**PROBLEM TO SOLVE:**
All the lines below need retyping exactly, apart from the images.

**Crawled caption data:**
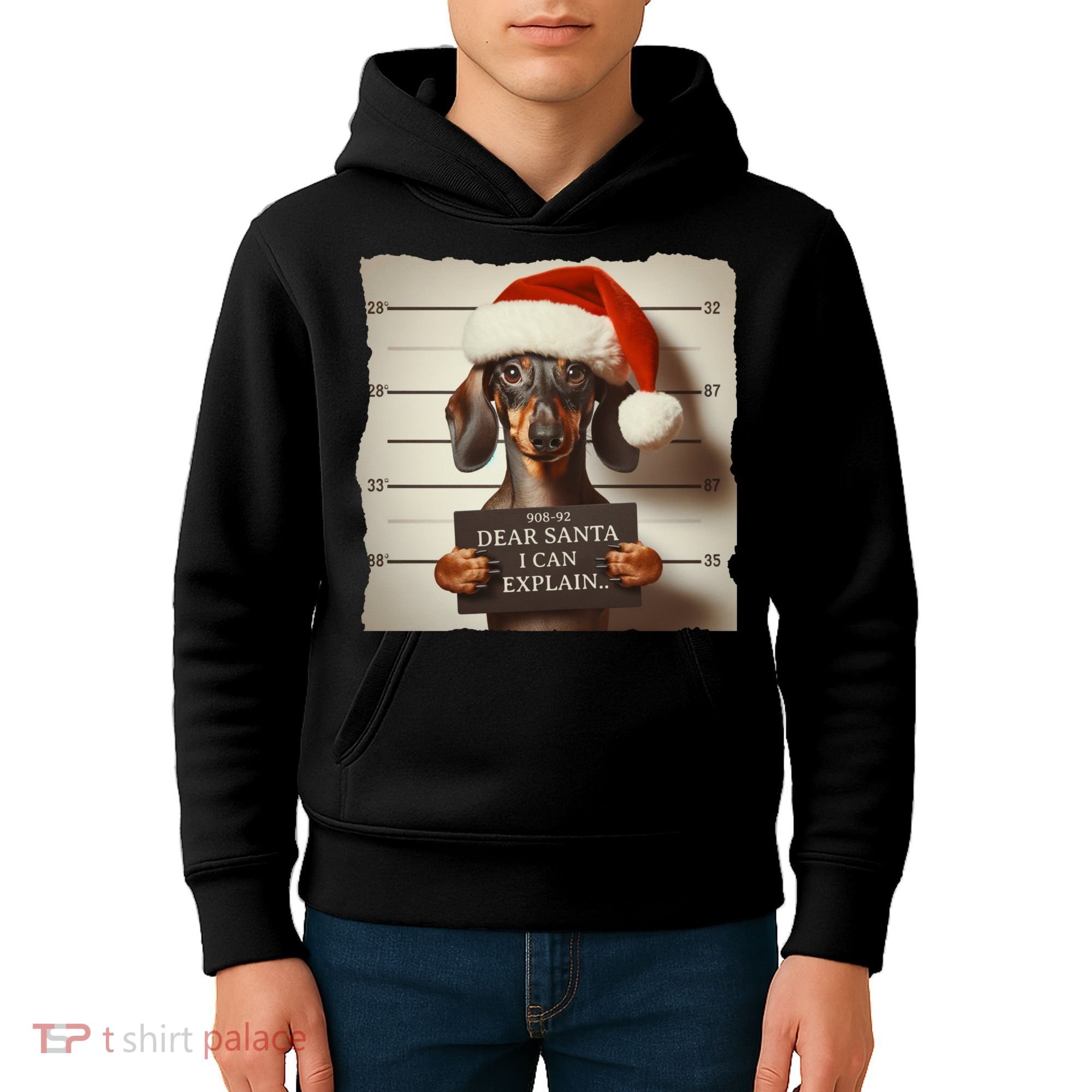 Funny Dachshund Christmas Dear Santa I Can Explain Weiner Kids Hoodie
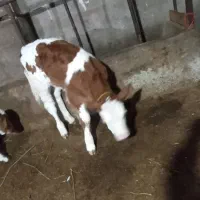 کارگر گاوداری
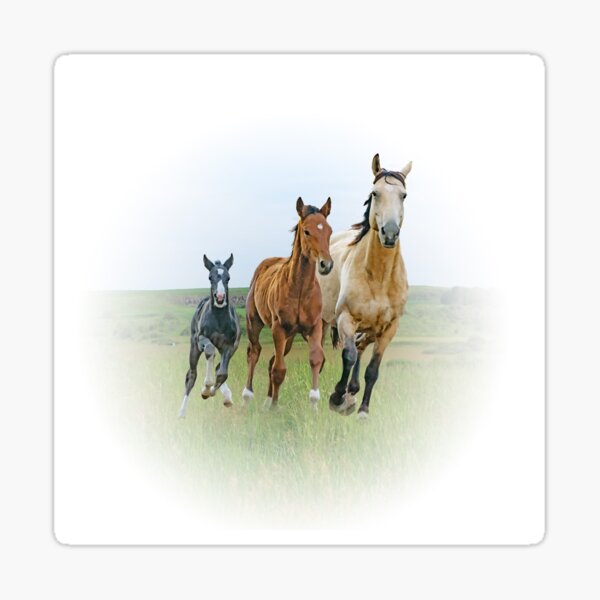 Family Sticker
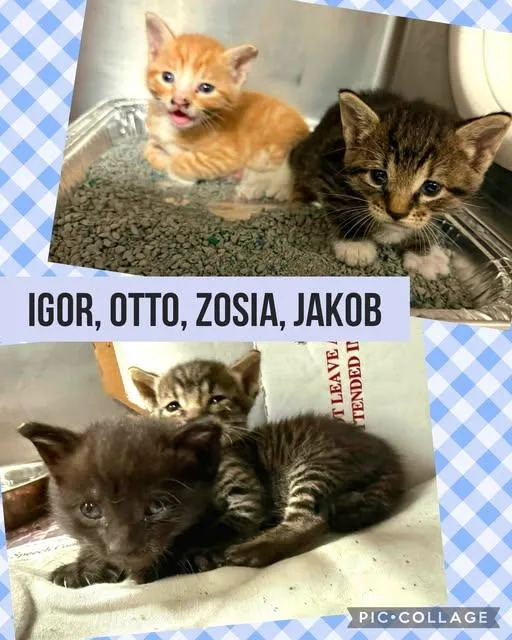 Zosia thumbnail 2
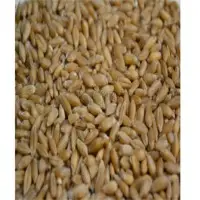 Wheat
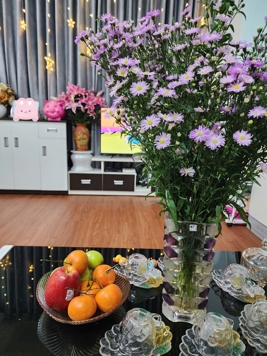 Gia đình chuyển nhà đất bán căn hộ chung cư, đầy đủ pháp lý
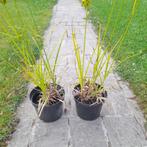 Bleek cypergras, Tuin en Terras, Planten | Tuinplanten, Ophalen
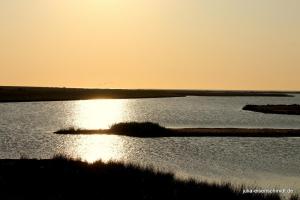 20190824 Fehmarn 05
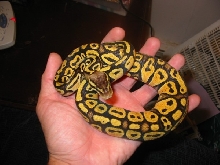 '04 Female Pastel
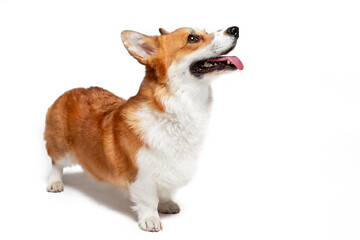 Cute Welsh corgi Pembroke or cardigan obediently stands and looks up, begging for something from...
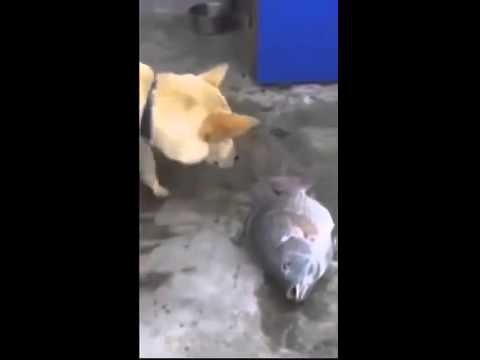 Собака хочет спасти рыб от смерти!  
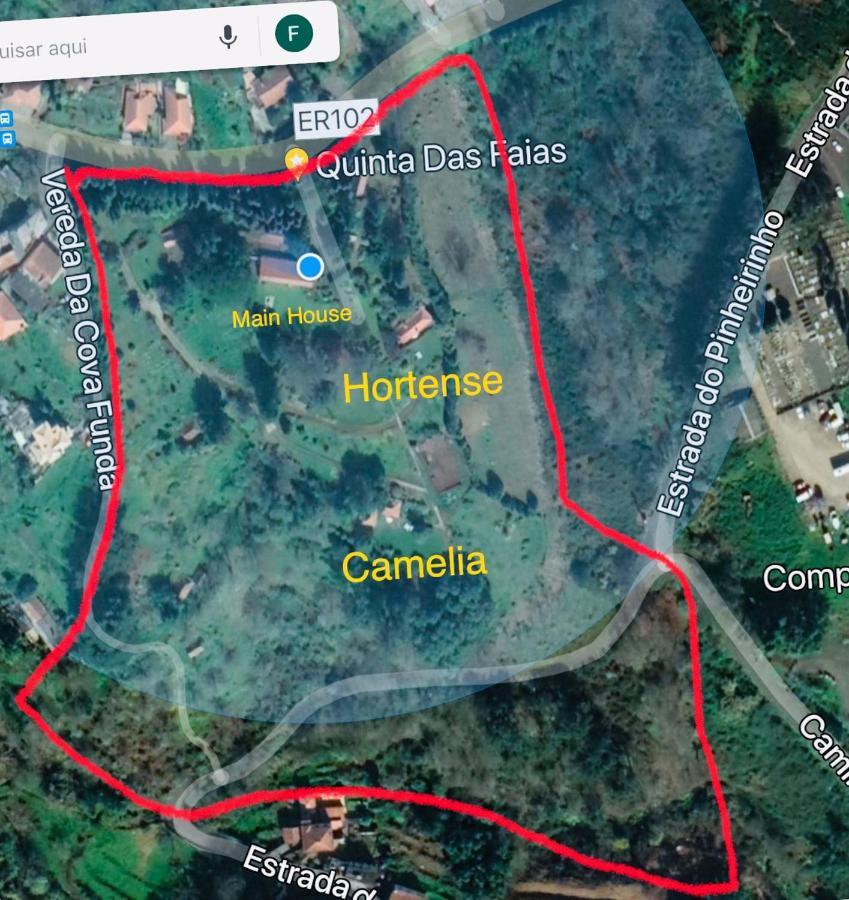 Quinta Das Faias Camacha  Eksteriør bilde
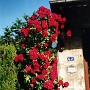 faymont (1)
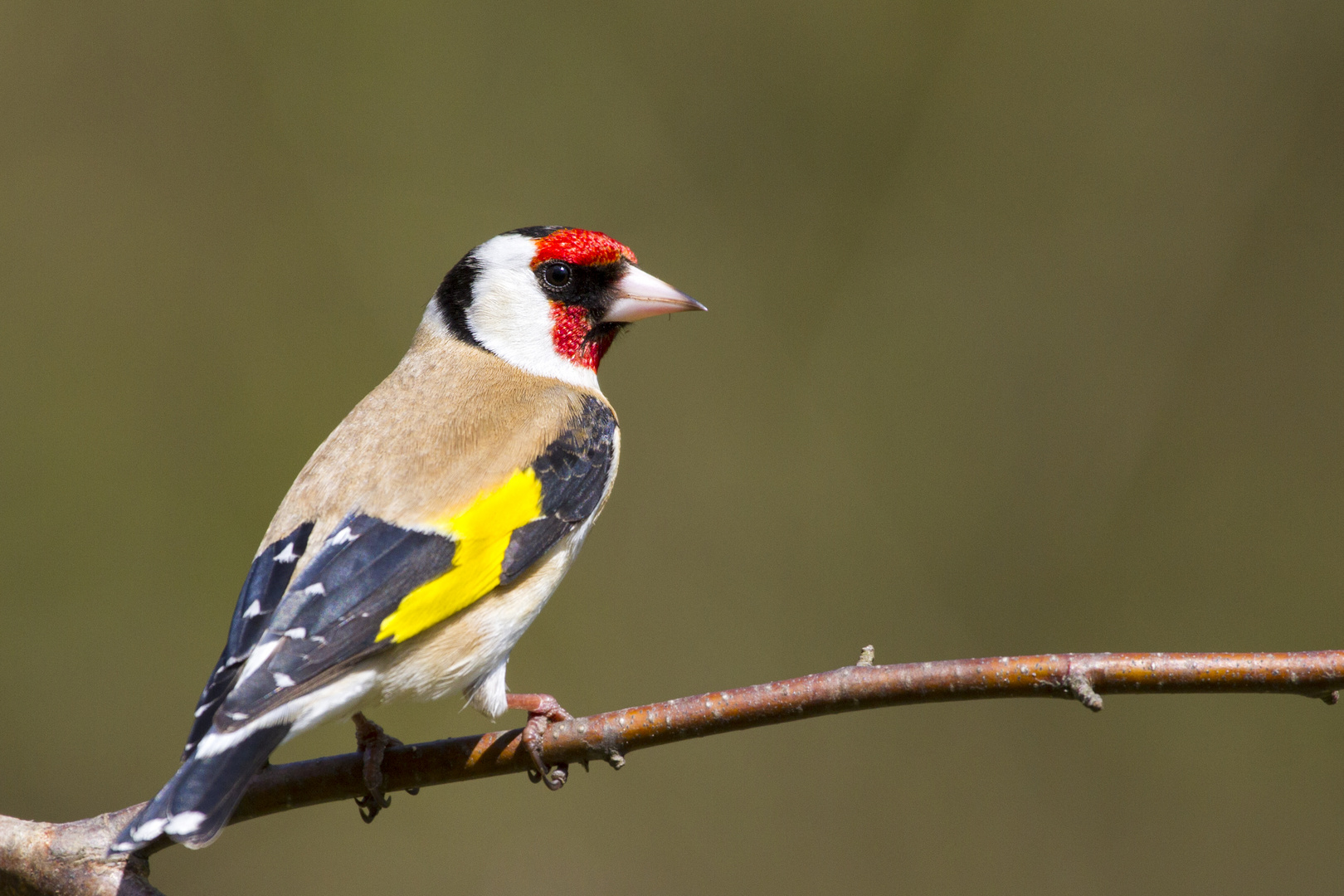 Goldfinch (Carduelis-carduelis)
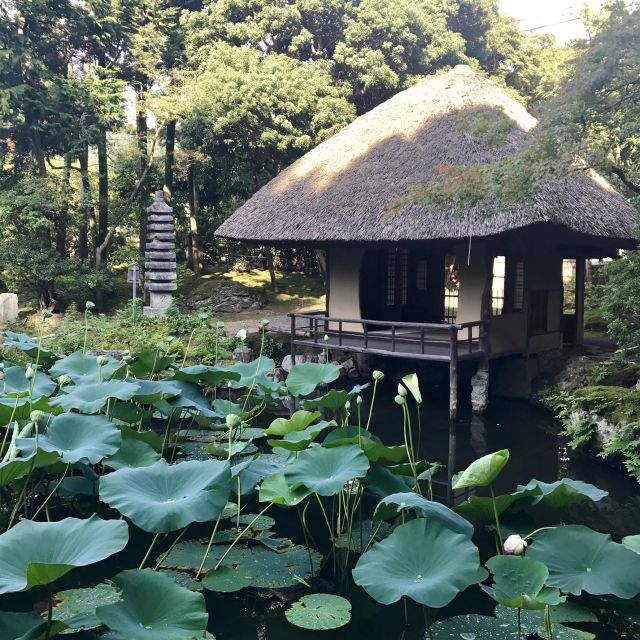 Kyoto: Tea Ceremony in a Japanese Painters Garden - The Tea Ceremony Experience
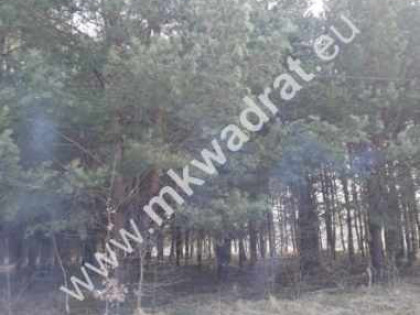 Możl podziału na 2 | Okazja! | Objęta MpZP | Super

**ANSWER SECTION:**
 Funny Dachshund Christmas Dear Santa I Can Explain Weiner Kids Hoodie
 کارگر گاوداری
 Family Sticker
 Zosia thumbnail 2
 Wheat
 Gia đình chuyển nhà đất bán căn hộ chung cư, đầy đủ pháp lý
 Bleek cypergras, Tuin en Terras, Planten | Tuinplanten, Ophalen
 20190824 Fehmarn 05
 '04 Female Pastel
 Cute Welsh corgi Pembroke or cardigan obediently stands and looks up, begging for something from...
 Собака хочет спасти рыб от смерти!  
 Quinta Das Faias Camacha  Eksteriør bilde
 faymont (1)
 Goldfinch (Carduelis-carduelis)
 Kyoto: Tea Ceremony in a Japanese Painters Garden - The Tea Ceremony Experience
 Możl podziału na 2 | Okazja! | Objęta MpZP | Super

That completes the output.